— Task requirements —
Please repeat the lines below, exactly and only, from the one that holds "Genuine authentic jeans" through the one that holds "Ornate Vintage Sewing".
————————
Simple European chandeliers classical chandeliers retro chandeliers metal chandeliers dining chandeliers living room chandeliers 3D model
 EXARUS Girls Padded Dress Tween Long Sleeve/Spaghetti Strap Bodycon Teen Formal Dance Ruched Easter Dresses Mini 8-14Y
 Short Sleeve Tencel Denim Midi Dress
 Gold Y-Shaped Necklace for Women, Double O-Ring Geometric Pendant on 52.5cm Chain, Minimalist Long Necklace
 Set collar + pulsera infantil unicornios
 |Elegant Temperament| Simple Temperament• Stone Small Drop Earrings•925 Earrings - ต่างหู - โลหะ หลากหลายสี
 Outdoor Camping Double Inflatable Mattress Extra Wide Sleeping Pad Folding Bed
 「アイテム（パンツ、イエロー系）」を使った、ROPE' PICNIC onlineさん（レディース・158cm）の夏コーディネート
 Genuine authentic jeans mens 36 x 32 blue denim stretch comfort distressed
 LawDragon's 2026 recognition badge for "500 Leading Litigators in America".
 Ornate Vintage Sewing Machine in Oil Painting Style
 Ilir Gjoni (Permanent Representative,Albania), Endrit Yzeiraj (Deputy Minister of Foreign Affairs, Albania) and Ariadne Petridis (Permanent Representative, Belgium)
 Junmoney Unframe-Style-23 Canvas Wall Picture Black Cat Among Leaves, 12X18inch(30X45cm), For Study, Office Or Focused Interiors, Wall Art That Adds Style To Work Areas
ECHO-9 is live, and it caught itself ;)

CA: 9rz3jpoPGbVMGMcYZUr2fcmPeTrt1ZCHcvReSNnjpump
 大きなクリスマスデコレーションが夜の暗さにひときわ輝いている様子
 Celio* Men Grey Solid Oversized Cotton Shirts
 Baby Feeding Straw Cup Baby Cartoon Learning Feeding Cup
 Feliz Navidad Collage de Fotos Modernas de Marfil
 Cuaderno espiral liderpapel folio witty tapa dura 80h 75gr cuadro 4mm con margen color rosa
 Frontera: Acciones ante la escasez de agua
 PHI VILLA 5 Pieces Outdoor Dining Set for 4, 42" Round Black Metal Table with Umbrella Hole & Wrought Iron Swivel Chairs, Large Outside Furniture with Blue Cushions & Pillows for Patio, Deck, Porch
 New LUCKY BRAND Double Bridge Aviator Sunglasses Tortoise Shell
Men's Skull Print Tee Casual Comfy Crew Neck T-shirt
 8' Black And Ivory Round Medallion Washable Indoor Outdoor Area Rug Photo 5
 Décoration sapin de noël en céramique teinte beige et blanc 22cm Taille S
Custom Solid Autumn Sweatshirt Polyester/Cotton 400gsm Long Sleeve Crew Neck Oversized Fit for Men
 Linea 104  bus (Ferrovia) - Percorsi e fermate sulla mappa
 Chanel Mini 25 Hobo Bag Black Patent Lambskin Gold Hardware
————————
— Expected answer —
 Genuine authentic jeans mens 36 x 32 blue denim stretch comfort distressed
 LawDragon's 2026 recognition badge for "500 Leading Litigators in America".
 Ornate Vintage Sewing Machine in Oil Painting Style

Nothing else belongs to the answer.